Looking in on Carson City :
Jobs safe at Health and Human Services, but cuts will still hurt
Thursday, Jan. 3, 2008 | midnight
CARSON CITY -- The Health and Human Services Department, the biggest agency in state government, must reduce its budget by $78 million but won't make any layoffs in doing so.
Employees, however, will not be getting new computers and will be affected in other ways.
“We're putting the skids on travel and training,” department Director Mike Willden said.
State agencies have handed in their proposed budget reductions to comply with Gov. Jim Gibbons' order to cut 4.5 percent over the next 18 months. After Gibbons approves the planned reductions, the cuts will be made public.
State Budget Director Andrew Clinger said the public will have a chance to comment on the budget cuts at a meeting of the state Board of Examiners, headed by the governor.
The $78 million cut in state money will also probably cost the Health and Human Services Department about $30 million in federal money by eroding Nevada's ability to meet some programs' state-federal matching guidelines.
Willden said current programs, which include child protection, welfare for families and aid for the disabled, are safe from the cuts. But there may be limited or no expansion of such programs.
The Legislature allocated $35.2 million, including $16.8 million in state money, for increased payments to doctors and other medical professionals who treat Medicaid patients. The rate hike is scheduled to take effect in August.
At a meeting of the Legislative Committee on Health Care last month, Sen. Maurice Washington, R-Sparks, asked Willden whether that proposed rate increase will be deferred or canceled because of the budget crunch. Willden refused to say.
The Legislature also approved rate increases for Health Maintenance Organizations and transportation and pharmacy services in the Medicaid program. The rates went up this fiscal year but are projected also to increase in July to cover inflation. The slated raises are 4.9 percent for those who transport Medicaid recipients, 7.5 percent for pharmacies and 7.4 percent for HMOs.
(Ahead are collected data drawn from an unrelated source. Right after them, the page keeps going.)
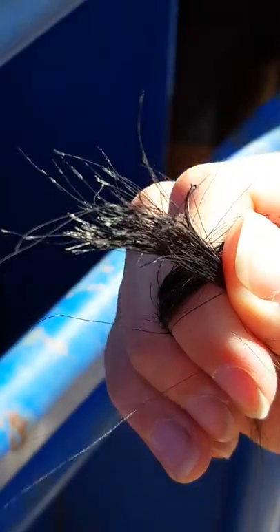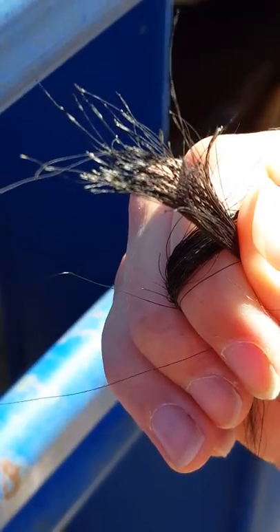As you can see, there's root bulbs attached — it's the little hooks at the end of the tail hair. You want to put it on the card.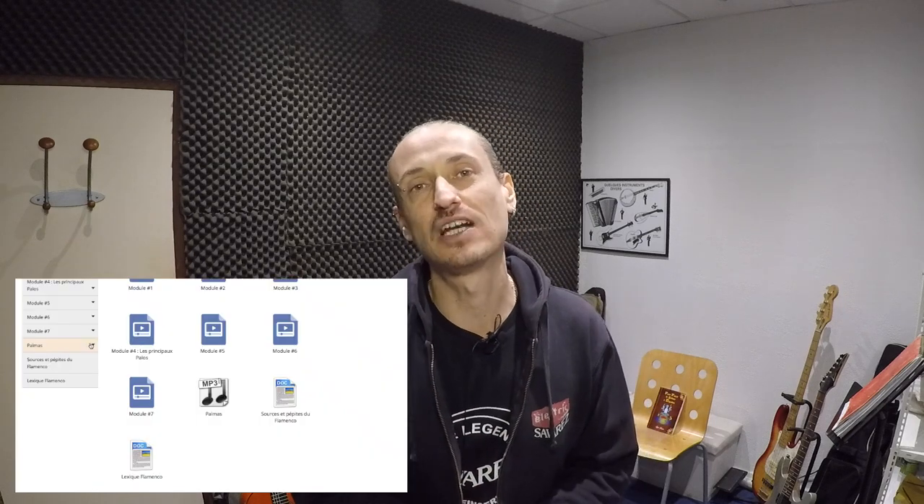Tu vas avoir aussi des exercices préparatoires et quotidiens. Tu auras aussi tous mes backing tracks personnels concernant les palmas. Bref, ça va être quelque chose de très très complet. C'est un programme qui comporte 10 modules — 7 modules vidéo, plus de 2h50 de film.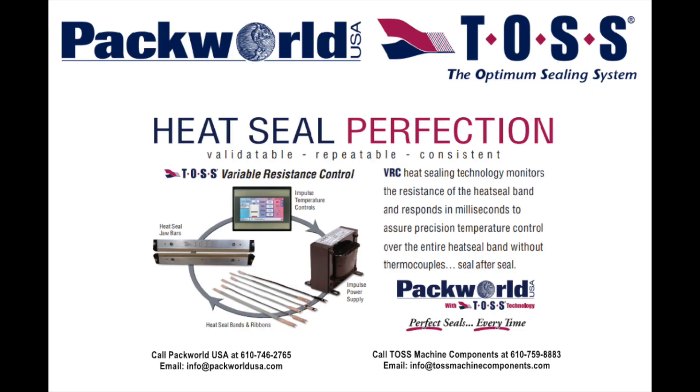For more information, please contact Packworld USA or TOS Machine Components at the respective phone number or email address shown on the screen.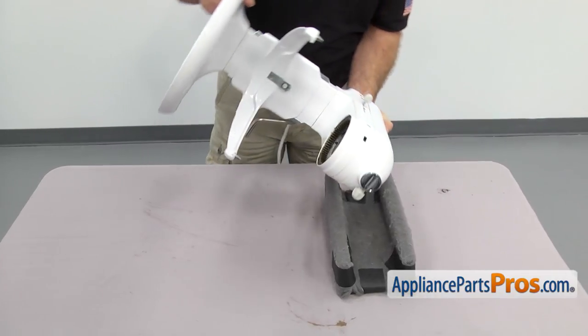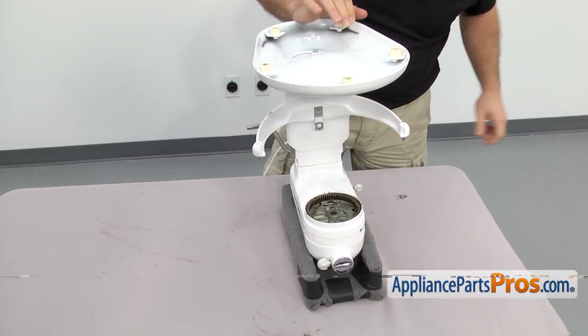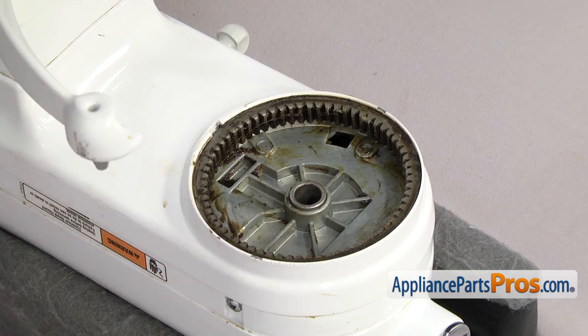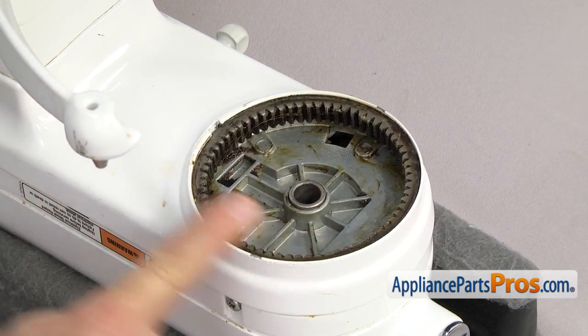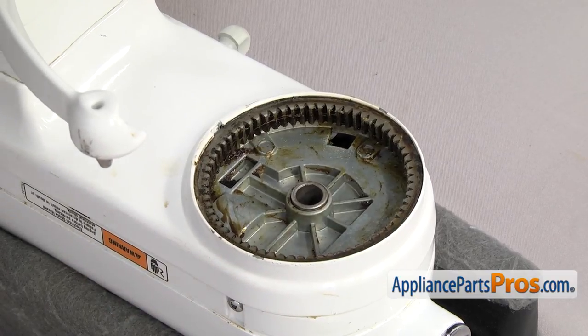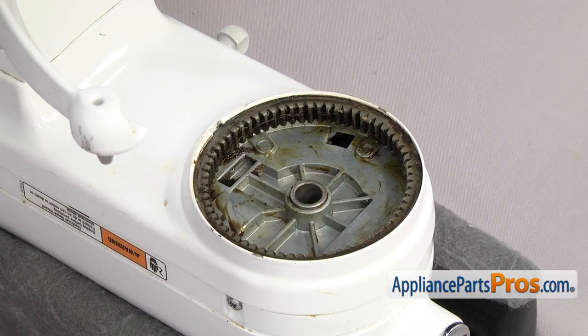The external gear is just pressed into the housing, so we're going to use a big flathead screwdriver and a block of wood to protect the housing while we use a hammer to tap it out. If it's in there really tight, you may have to have somebody hold the base to keep the mixer from moving.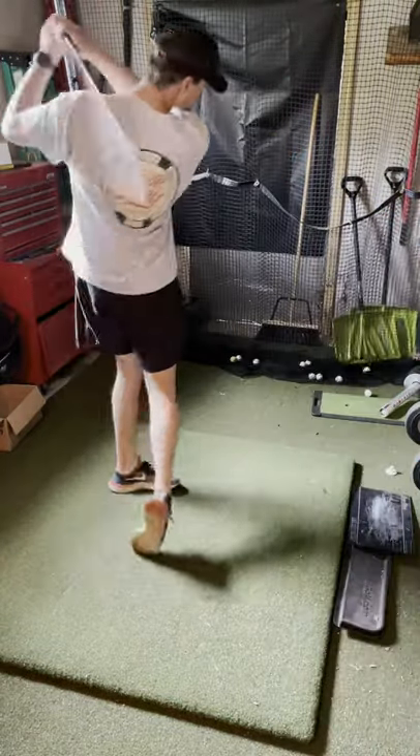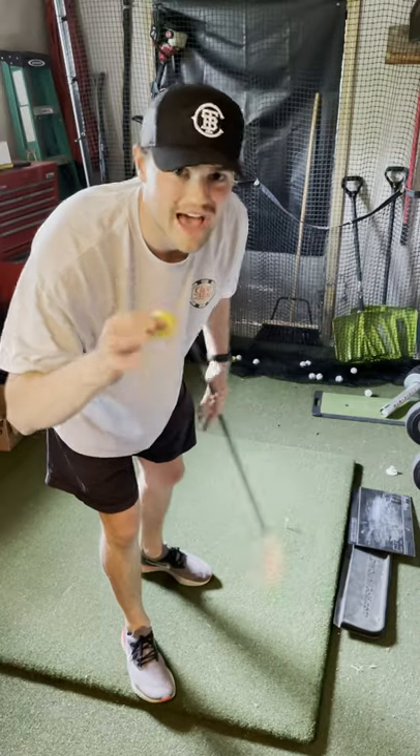We're starting out with a ping pong ball. Let's see how she does. Foam golf ball up next. Let's see how it does.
There's also a rate increase planned for low-income families that care in their homes for their children under 6 with severe mental disabilities. The rate, raised in July from $350 to $362, is to go up to $374 this July, assuming it is not canceled.
Sen. Steve Horsford, D-Las Vegas, compared the cutbacks in human services to “How the Grinch Stole Christmas!” These “gifts,” he said, were promised to low-income people and now are in danger of not being delivered.
@Dots:•••
Former Nevada Supreme Court Justice Miriam Shearing has been assigned to hear arguments in the suit filed by casino owners to stop the initiative petition being pushed by the teachers union to raise the state's gaming tax.
Shearing has set Jan. 18 for a hearing in Carson City District Court on the suit by the Nevada Resort Association against the Nevada State Education Association, which wants to raise the gaming tax from 6.75 percent to 9.75 percent on casinos that gross more than $1 million per month.
The education association must gather more than 60,000 signatures to qualify the measure for the November ballot.